On n’est jamais aussi conscient de qui l’on est que lorsqu’on a rencontré l’altérité. Monter sur scène, ne plus reconnaître sa voix ni son corps ni ses mots est une expérience indépassable qui permet le retour à soi après cette épreuve du feu. Quand les acteurs de William Mesguich ont joué « Tohu Bohu », les élèves ne reconnaissaient pas leur texte. Ils ne se doutaient pas avoir écrit de telles choses. Et en effet, pour écrire, être publiés, puis joués, ils avaient lu Sophocle, Beckett, Kafka. La voix des autres avait guidé la leur et c’est dans ce dépassement de soi que l’on accède à la vraie conscience de soi.
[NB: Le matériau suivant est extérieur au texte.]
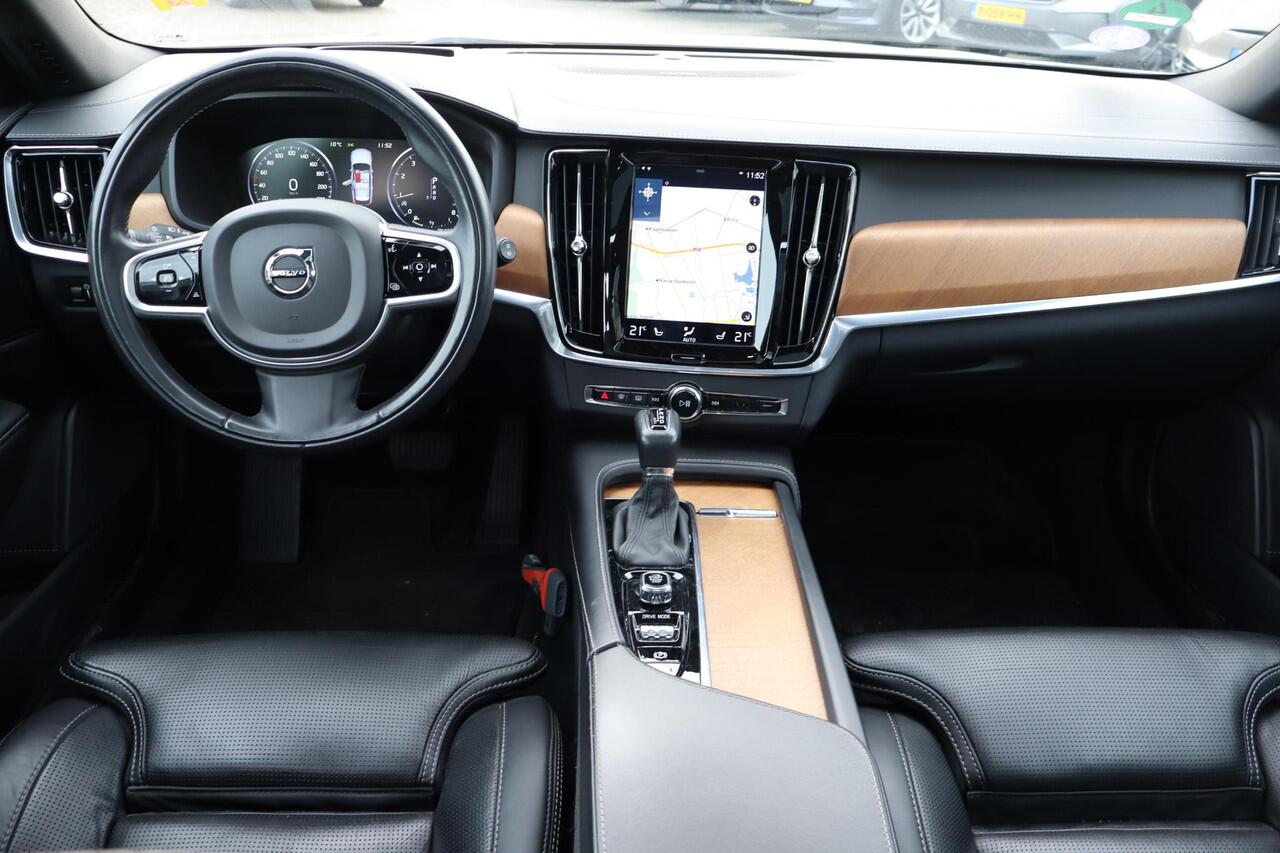 Volvo V90 2.0 T4 Inscription BTW Auto, Pilot assist, Adaptieve Cruise control, Panoramadak, Schuif- kanteldak, Trekhaak, Stoel- en stuurverwarming, Apple Carplay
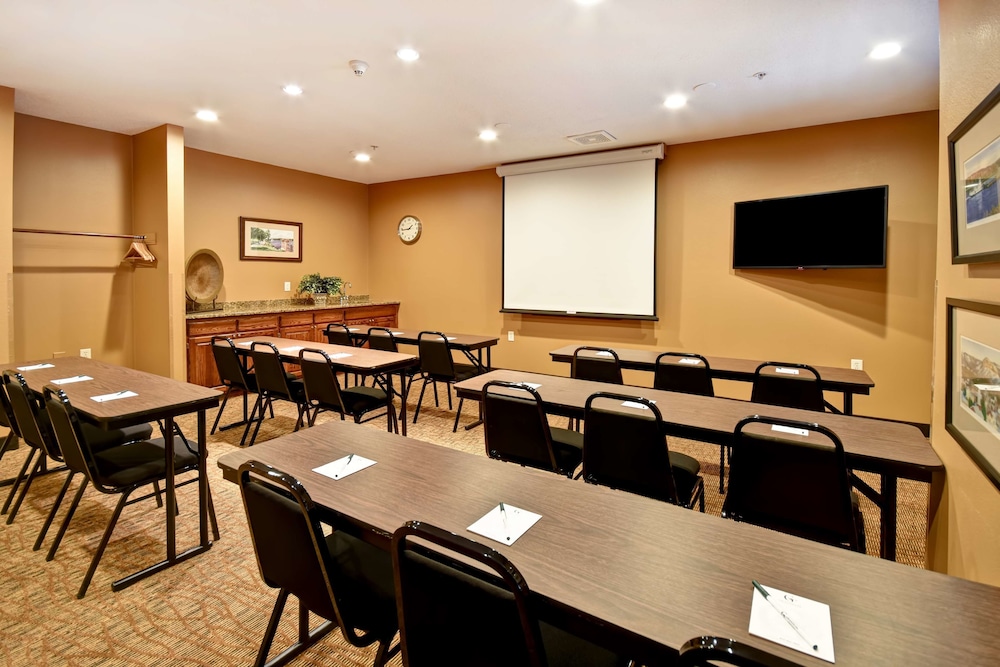 Grandstay Residential Suites Hotel La Crosse 51/62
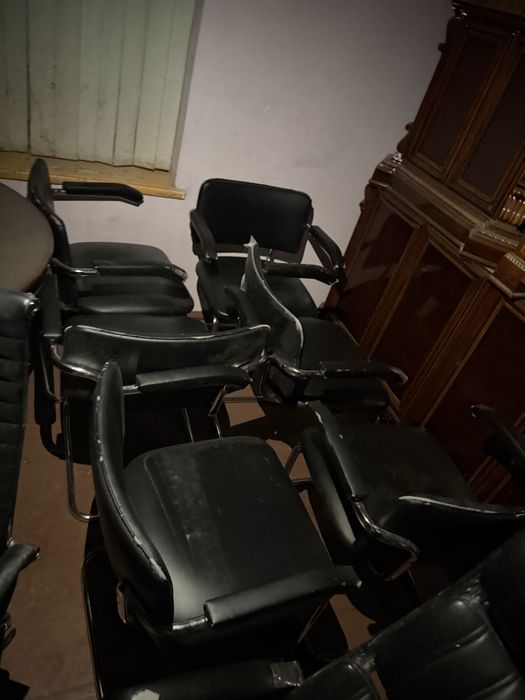 Продам офисные стулья и кресла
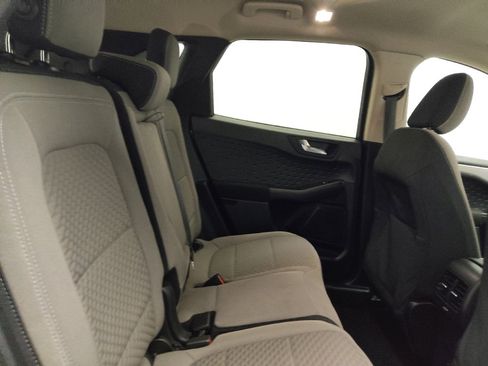 Used 2020 Ford Escape SE Sport image 19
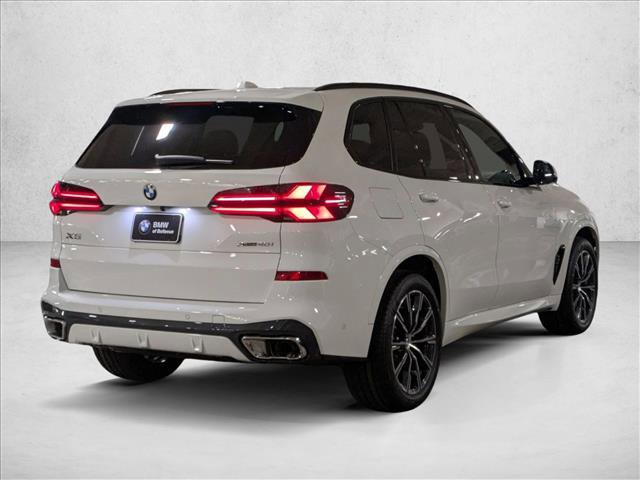 New 2026 BMW X5 xDrive40i w/ M Sport Package AWD/4WD image 2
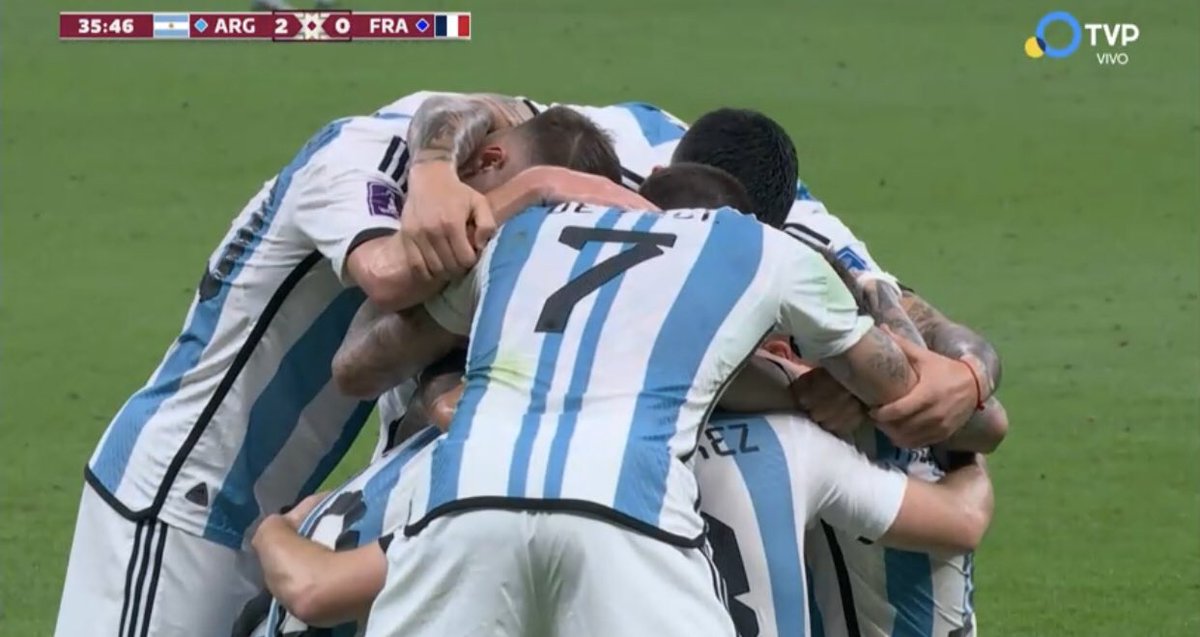 aarontsuarez's tweet photo. AAAAAAAA GOOOOOOOL DE DI MARÍA LA PUTA MADREEEEE https://t.co/ul52r1wQ3c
Il y a eu des ratés. L’enthousiasme peut agresser celui qui n’y croit plus. Pourtant je compte sur l’impression, voire ce certain effroi qu’inspire le chef-d’œuvre aux enfants. « Tout ange est terrifiant », écrit Rilke et « le beau n’est que le commencement du terrible ». Je crois que ce qui dépasse, ce que l’on ne comprend pas complètement, enseigne. Et c’est de ce vibrato dont on se souvient encore des années après avoir lu un livre. On se rappelle alors ces zones d’ombre car on se construit sur ces soleils noirs. L’enfant de quatre ans ne comprend pas toute l’histoire d’une fable de La Fontaine. Mais il entend sa musique. C’est elle qui s’adresse à son cœur.
Le manque de repères, l’absence de hiérarchie, le discours qui consiste à dire que tout se vaut, conduit les élèves et leur professeur à une impasse. Les enfants nous font payer très cher l’absence de relativisme culturel. Quand ils ont pu expérimenter la lecture puis l’écriture à travers la publication ou le jeu scénique, ils sont capables de mesurer la part de travail et de courage qui incombe à de telles entreprises. Une page de Flaubert n’est pas une page du journal du soir, une aria de Schubert dépasse en profondeur la dernière chanson à la mode. Et il est important pour des enfants d’être face à des adultes qui séparent les choses. C’est ce choc de l’exigence et de l’altérité qui ouvre des portes sur l’infini et que je réserve aux élèves. Le passage par la création déplace les horizons, élargit les points de vue. A une heure où le langage semble se rétrécir comme peau de chagrin, où l’erreur de syntaxe, la faute d’orthographe dans les blogs ou les tags affirment une pseudo-virilité, je sais qu’il existe des enfants et des professeurs qui portent leurs regards ailleurs.
La salle de cours reste un îlot de culture où l’essentiel se joue, où la grâce s’énonce. Car la beauté est gratuite. Avoir écrit des livres ou jouer du théâtre «ne sert à rien», sinon à construire ces enfants qui plus tard, dans leur vie d’homme et de femme, se souviendront de l’aventure d’un cours de lettres, marchant fiers et la tête haute, un poème épinglé au cœur.